Problem statement ::
Return only this: the line with "大分三光花園一小時攝影:種下難忘回憶種子" and all the lines that follow it below, through the final one, exactly as they are.

[Records from a data source]
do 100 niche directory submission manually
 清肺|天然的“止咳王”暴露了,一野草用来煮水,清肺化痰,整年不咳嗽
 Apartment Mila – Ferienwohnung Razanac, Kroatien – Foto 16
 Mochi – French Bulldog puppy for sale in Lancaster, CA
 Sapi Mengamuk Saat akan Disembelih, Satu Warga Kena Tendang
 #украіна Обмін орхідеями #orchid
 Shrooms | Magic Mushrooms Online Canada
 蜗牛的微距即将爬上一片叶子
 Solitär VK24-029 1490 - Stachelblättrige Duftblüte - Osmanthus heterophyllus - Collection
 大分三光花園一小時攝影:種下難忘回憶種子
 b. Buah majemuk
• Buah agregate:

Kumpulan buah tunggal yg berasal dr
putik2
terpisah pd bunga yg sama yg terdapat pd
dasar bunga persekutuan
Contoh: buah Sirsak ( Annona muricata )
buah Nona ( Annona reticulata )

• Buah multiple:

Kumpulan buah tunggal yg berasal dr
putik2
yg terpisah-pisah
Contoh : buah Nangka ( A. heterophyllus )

Answer to the problem ::
 大分三光花園一小時攝影:種下難忘回憶種子
 b. Buah majemuk
• Buah agregate:

Kumpulan buah tunggal yg berasal dr
putik2
terpisah pd bunga yg sama yg terdapat pd
dasar bunga persekutuan
Contoh: buah Sirsak ( Annona muricata )
buah Nona ( Annona reticulata )

• Buah multiple:

Kumpulan buah tunggal yg berasal dr
putik2
yg terpisah-pisah
Contoh : buah Nangka ( A. heterophyllus )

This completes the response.